Exactly the lines below from the one with "Комментарий с изображением на AdMe.Media" up to and including the one with "20 Novillos Holando" make up the answer, with nothing else added.

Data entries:
● ● ● ● ●
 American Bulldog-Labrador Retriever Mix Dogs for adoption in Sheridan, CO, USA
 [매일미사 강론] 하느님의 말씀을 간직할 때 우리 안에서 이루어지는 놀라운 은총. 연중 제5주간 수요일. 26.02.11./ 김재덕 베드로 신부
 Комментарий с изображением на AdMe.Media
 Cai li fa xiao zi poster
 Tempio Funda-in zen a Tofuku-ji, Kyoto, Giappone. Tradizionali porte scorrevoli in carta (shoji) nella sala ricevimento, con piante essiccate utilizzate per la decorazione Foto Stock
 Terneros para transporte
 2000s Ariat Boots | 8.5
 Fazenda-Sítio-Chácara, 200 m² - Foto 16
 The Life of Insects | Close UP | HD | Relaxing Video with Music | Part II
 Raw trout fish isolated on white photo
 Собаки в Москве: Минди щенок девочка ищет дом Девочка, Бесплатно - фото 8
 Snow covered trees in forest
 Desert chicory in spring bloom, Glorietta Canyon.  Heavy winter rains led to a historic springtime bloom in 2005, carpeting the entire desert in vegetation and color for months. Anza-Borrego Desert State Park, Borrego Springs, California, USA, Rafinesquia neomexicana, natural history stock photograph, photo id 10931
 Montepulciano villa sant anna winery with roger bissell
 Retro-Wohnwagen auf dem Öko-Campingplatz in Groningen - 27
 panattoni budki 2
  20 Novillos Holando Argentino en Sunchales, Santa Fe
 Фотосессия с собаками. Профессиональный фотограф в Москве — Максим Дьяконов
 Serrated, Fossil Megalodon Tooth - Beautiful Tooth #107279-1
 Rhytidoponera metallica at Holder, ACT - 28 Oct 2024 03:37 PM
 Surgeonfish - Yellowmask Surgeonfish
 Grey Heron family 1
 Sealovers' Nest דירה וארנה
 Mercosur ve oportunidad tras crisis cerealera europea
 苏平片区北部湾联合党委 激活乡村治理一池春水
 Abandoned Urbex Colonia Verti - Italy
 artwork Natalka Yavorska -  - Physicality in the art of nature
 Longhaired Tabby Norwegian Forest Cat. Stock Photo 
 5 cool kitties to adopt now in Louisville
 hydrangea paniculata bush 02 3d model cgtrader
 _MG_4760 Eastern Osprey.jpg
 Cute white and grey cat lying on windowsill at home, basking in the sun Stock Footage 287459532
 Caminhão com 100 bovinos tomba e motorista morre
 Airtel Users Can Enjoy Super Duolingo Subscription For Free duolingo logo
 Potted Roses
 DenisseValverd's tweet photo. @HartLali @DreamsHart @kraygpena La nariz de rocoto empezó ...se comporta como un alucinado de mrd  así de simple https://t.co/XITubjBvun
● ● ● ● ●
Solution for this exercise:
 Комментарий с изображением на AdMe.Media
 Cai li fa xiao zi poster
 Tempio Funda-in zen a Tofuku-ji, Kyoto, Giappone. Tradizionali porte scorrevoli in carta (shoji) nella sala ricevimento, con piante essiccate utilizzate per la decorazione Foto Stock
 Terneros para transporte
 2000s Ariat Boots | 8.5
 Fazenda-Sítio-Chácara, 200 m² - Foto 16
 The Life of Insects | Close UP | HD | Relaxing Video with Music | Part II
 Raw trout fish isolated on white photo
 Собаки в Москве: Минди щенок девочка ищет дом Девочка, Бесплатно - фото 8
 Snow covered trees in forest
 Desert chicory in spring bloom, Glorietta Canyon.  Heavy winter rains led to a historic springtime bloom in 2005, carpeting the entire desert in vegetation and color for months. Anza-Borrego Desert State Park, Borrego Springs, California, USA, Rafinesquia neomexicana, natural history stock photograph, photo id 10931
 Montepulciano villa sant anna winery with roger bissell
 Retro-Wohnwagen auf dem Öko-Campingplatz in Groningen - 27
 panattoni budki 2
  20 Novillos Holando Argentino en Sunchales, Santa Fe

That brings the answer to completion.